**Listed records:**
────────────────

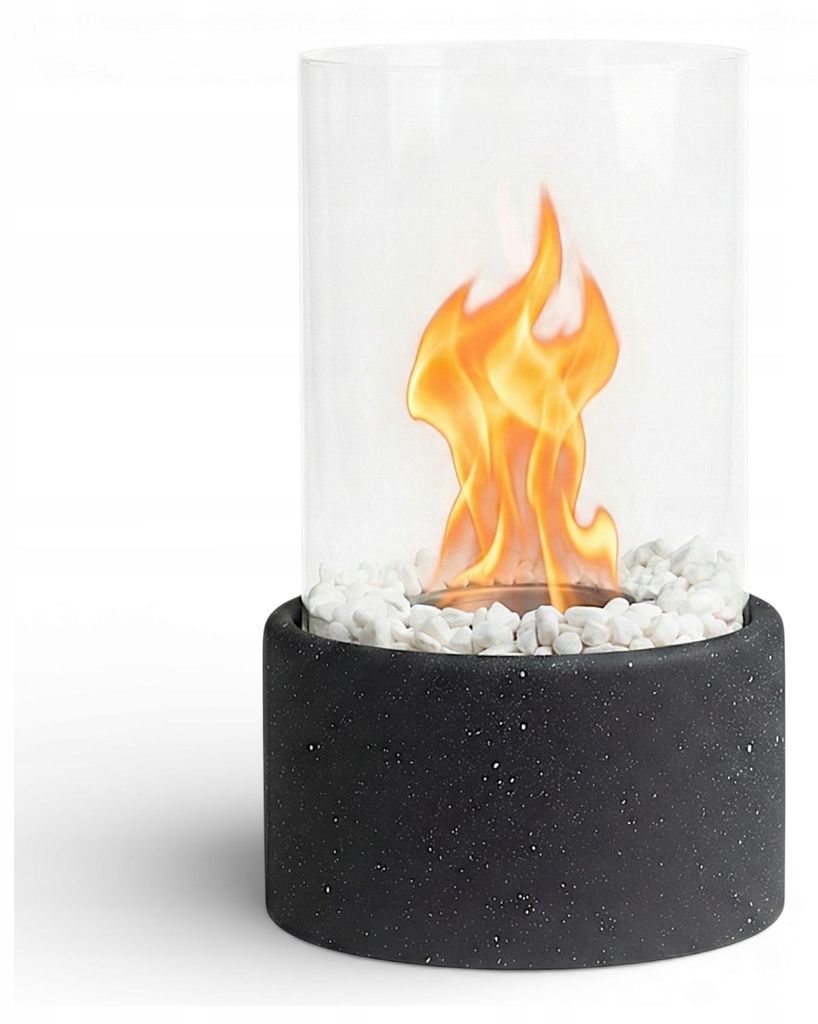 Bioethanol-Kamin Schwarz – Freistehender Tischkamin ohne Schornstein – Kaminfeuer für Wohnzimmer und Terrasse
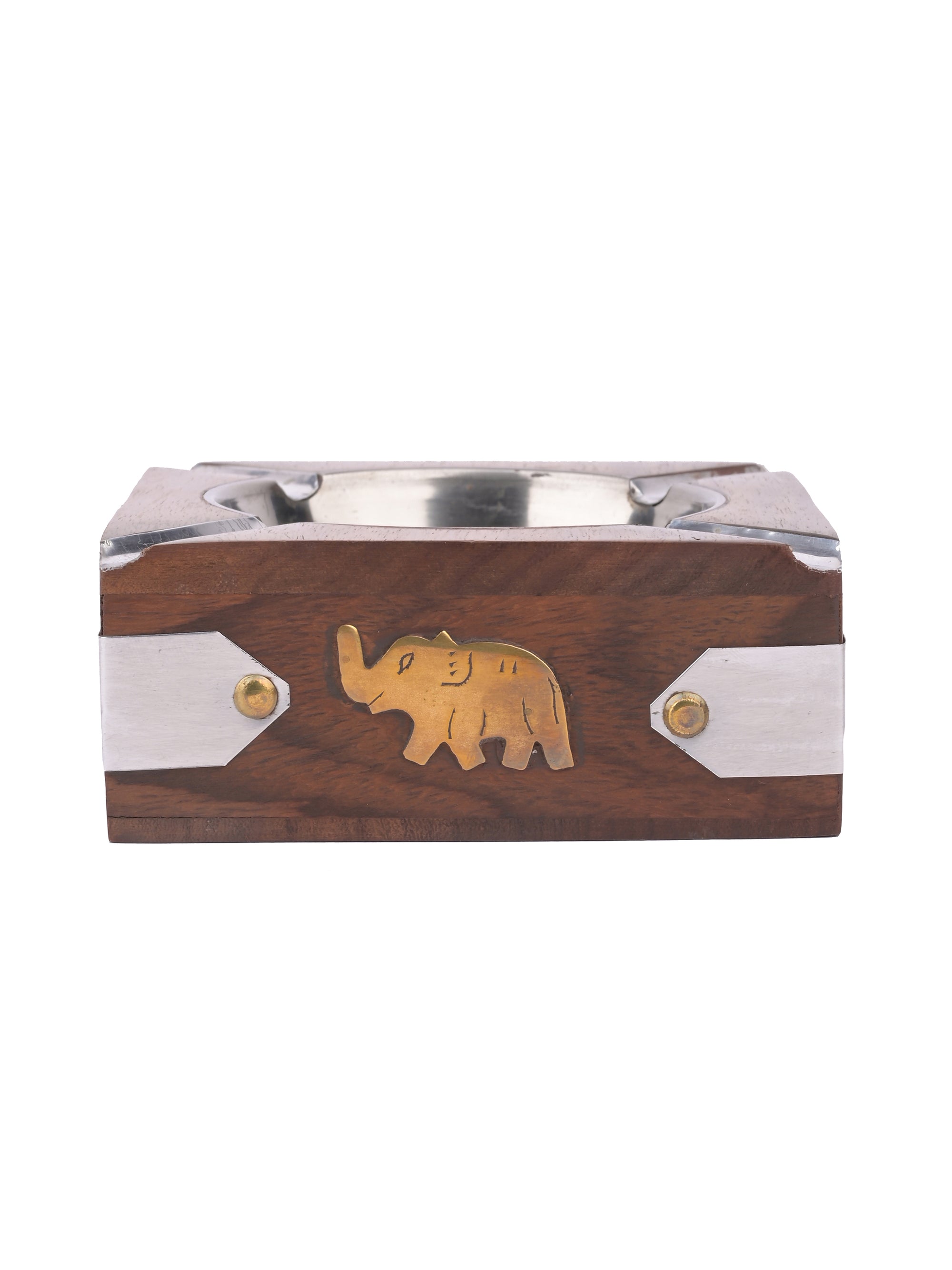 Square Wooden Ashtray with Metal Top and Elephant design on the side - The Heritage Artifacts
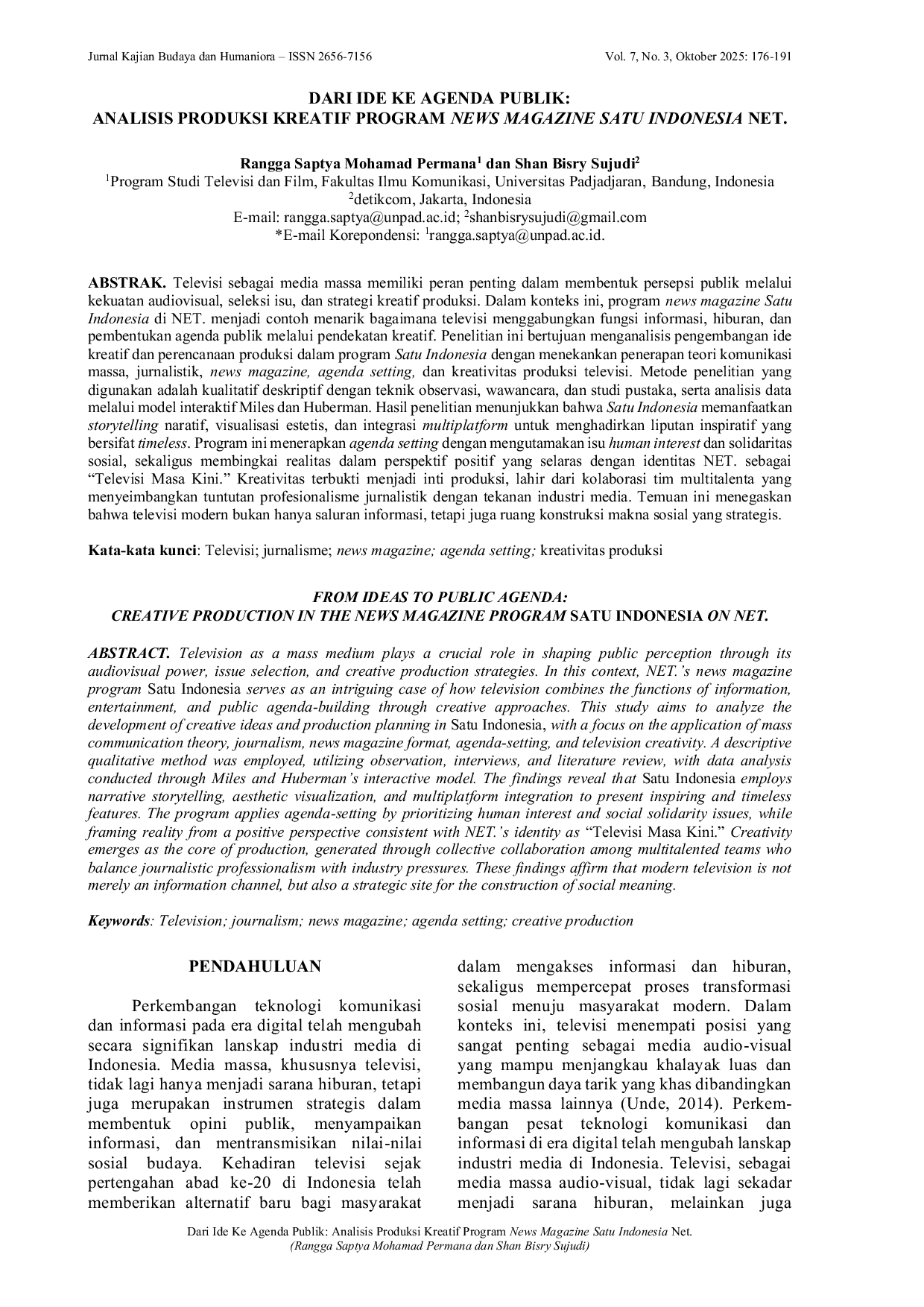 JURIS Dari Ide ke Agenda Publik Analisis Produksi Kreatif Program News Magazine Satu Indonesia Net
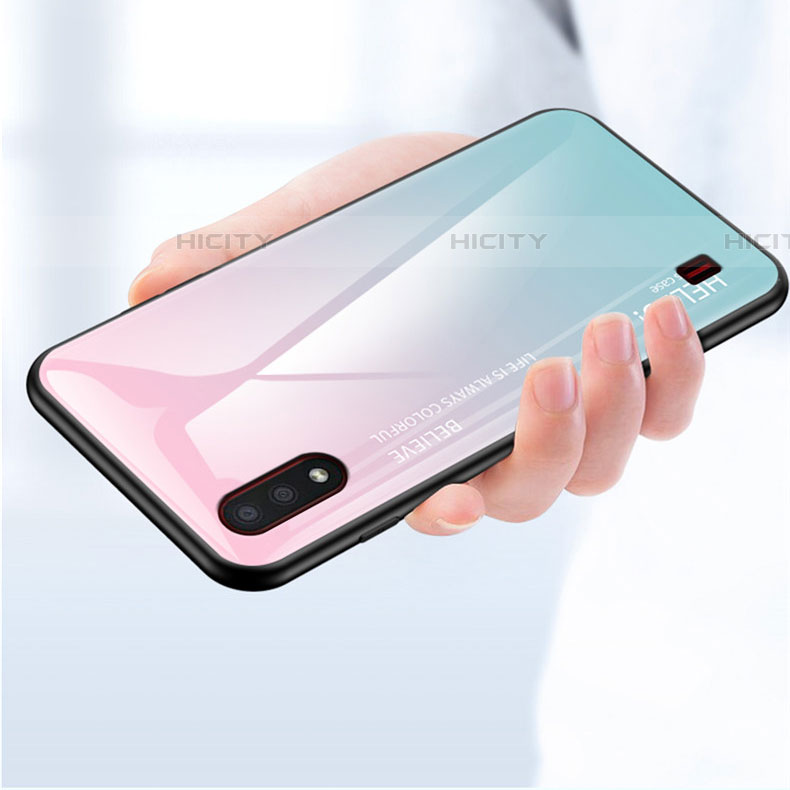Samsung Galaxy A01 SM-A015用ハイブリットバンパーケース プラスチック 鏡面 虹 グラデーション 勾配色 カバー サムスン 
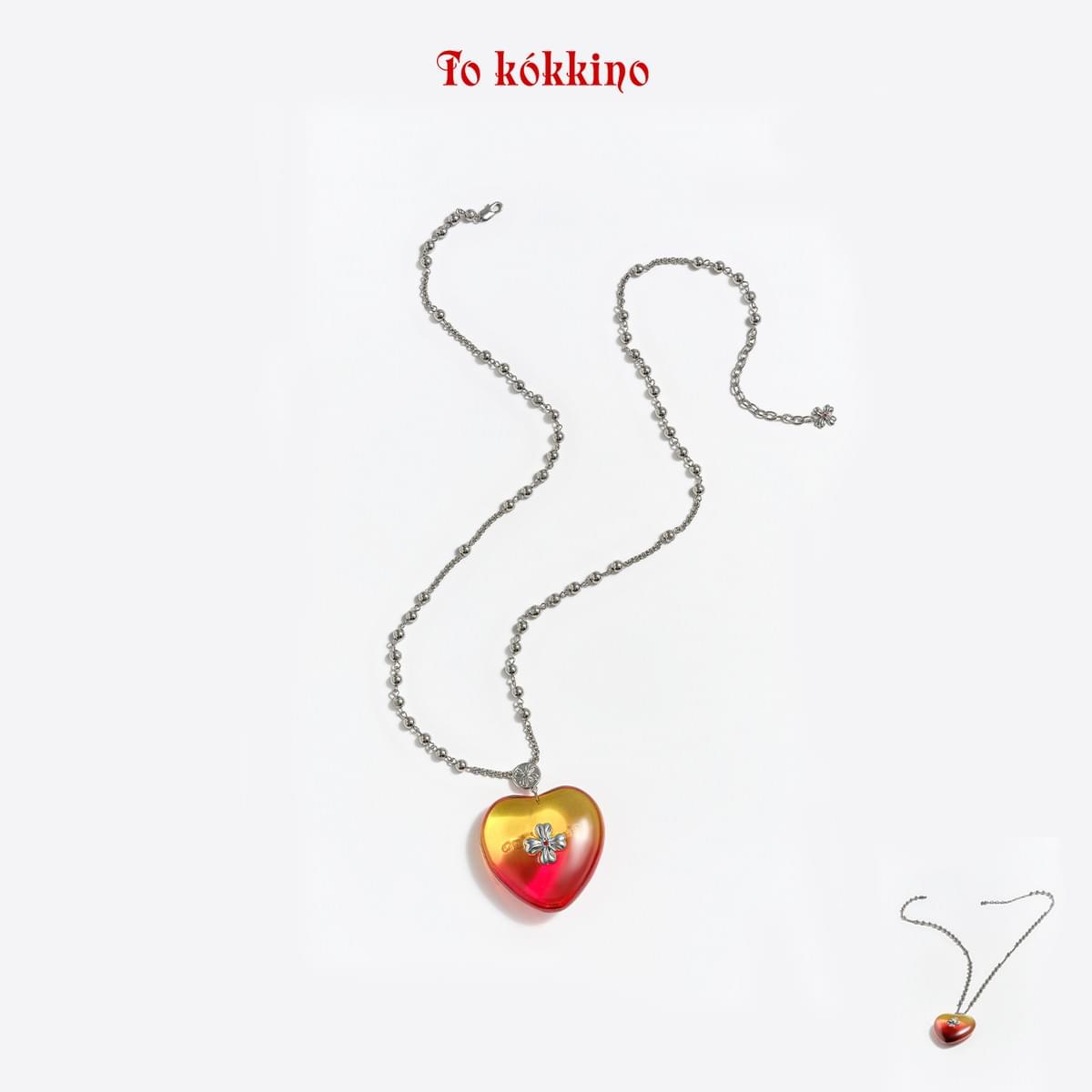 tokokkino* Gradient Resin Heart Bowknot Necklace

────────────────

**Your task:**
All preceding records should be duplicated verbatim, images excepted.

**Solution for this task:**
 Bioethanol-Kamin Schwarz – Freistehender Tischkamin ohne Schornstein – Kaminfeuer für Wohnzimmer und Terrasse
 Square Wooden Ashtray with Metal Top and Elephant design on the side - The Heritage Artifacts
 JURIS Dari Ide ke Agenda Publik Analisis Produksi Kreatif Program News Magazine Satu Indonesia Net
Samsung Galaxy A01 SM-A015用ハイブリットバンパーケース プラスチック 鏡面 虹 グラデーション 勾配色 カバー サムスン 
 tokokkino* Gradient Resin Heart Bowknot Necklace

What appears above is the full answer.